The Shifting Enforcement Landscape: From Safe Haven to Procedural Access Point

The HKMA SB-1 Amendments and Trustee Disclosure Obligations

The HKMA’s March 2025 update to SB-1 directly impacts the operational reality of Hong Kong-licensed trust companies. Section 5.3 of the revised module now explicitly requires trustees to maintain and disclose, upon lawful demand from a recognised foreign regulatory authority, the “ultimate beneficial ownership” of any trust structure administered in Hong Kong. This represents a significant departure from the previous regime, which permitted trustees to resist disclosure on the basis of Hong Kong’s common law duty of confidentiality.

The practical effect is immediate: where a creditor obtains a freezing order or a disclosure order from a court in the United Kingdom, Singapore, or Australia—all jurisdictions with mutual legal assistance treaties (MLATs) with Hong Kong—the Hong Kong trustee must now comply within 14 business days, or face a maximum penalty of HKD 1,000,000 under the Anti-Money Laundering and Counter-Terrorist Financing Ordinance (Cap. 615). For a trust holding USD 50 million in assets, the cost of non-compliance far exceeds the penalty, but the compliance cost itself—legal fees, forensic accounting, and potential litigation—can reach HKD 500,000 to HKD 2,000,000 per disclosure event.

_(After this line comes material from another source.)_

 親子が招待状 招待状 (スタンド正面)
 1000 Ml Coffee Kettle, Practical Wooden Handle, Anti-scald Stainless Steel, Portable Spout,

The Re B Trust Precedent: Lowering the “Sham” Threshold

The Cayman Islands Court of Appeal’s ruling in Re B Trust (CICA, 2024, Civil Appeal No. 12 of 2023) has direct implications for Hong Kong-structured trusts with Cayman situs. The court held that a creditor need only establish a “prima facie case of asset dissipation” to obtain a Mareva injunction freezing trust assets, rather than the previous standard of “strong prima facie case” as articulated in Ninemia Maritime Corp v Trave Schiffahrtsgesellschaft (1983).

The ruling specifically addressed the “settlor control” issue. The court found that where a settlor retained de facto control over trust investments through a letter of wishes, and the trustee had not exercised independent discretion for a period exceeding 12 months, the trust could be treated as a “sham” for enforcement purposes. This directly mirrors the Hong Kong Court of Final Appeal’s reasoning in Kan Lai Kwan v Poon Lok To Otto (2021) 24 HKCFAR 1, where the court pierced a trust structure where the settlor had retained effective veto power over distributions.

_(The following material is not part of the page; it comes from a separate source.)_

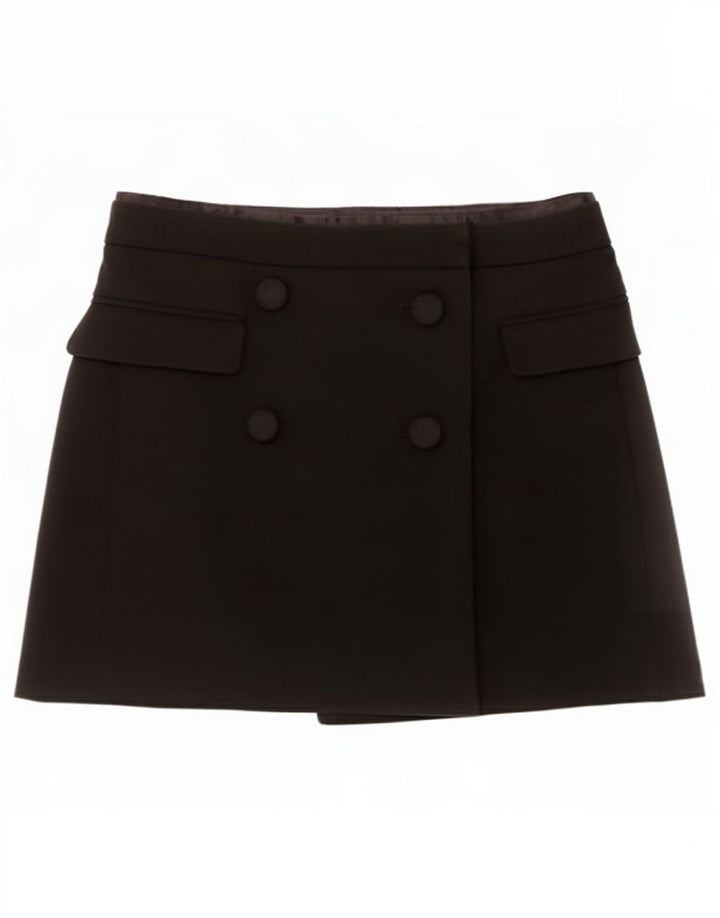 Fusta Mini Wrap Femei Zara Mic W26 Negru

For Hong Kong families using Cayman STAR trusts or ordinary discretionary trusts with Hong Kong-based trustees, the convergence of these precedents means that a creditor with a judgment from a common law court can now apply for recognition in the Cayman Islands or Hong Kong under the Foreign Judgments (Reciprocal Enforcement) Ordinance (Cap. 319) and, if successful, obtain a freezing order with a significantly lower evidentiary hurdle.

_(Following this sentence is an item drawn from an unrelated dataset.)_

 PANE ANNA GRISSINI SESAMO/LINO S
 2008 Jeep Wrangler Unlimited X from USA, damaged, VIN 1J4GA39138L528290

The Practical Barriers That Remain: Jurisdictional Friction and Cost Asymmetry

The Cost of Enforcement: A USD 500,000 Minimum Entry Point

Despite the lowering of legal thresholds, the practical barriers to enforcement remain formidable for all but the most determined creditors. The cost of pursuing a trust structure through Hong Kong’s Court of First Instance, including the application for recognition of a foreign judgment under Cap. 319, obtaining a Mareva injunction, and then enforcing against the trustee, typically ranges from HKD 3,000,000 to HKD 8,000,000 (USD 385,000 to USD 1,025,000) in legal fees alone, based on data from the Hong Kong Law Society’s 2024 Practice Survey.

This cost asymmetry creates a natural barrier: for a trust valued at USD 10 million, the creditor must be willing to spend up to 10% of the trust’s value merely to obtain a freezing order, with no guarantee of recovery. For a trust valued at USD 50 million, the percentage drops to approximately 2%, making enforcement more economically viable. The practical threshold for serious creditor pursuit is therefore a trust value of at least USD 20 million, below which the cost-benefit analysis rarely favours enforcement.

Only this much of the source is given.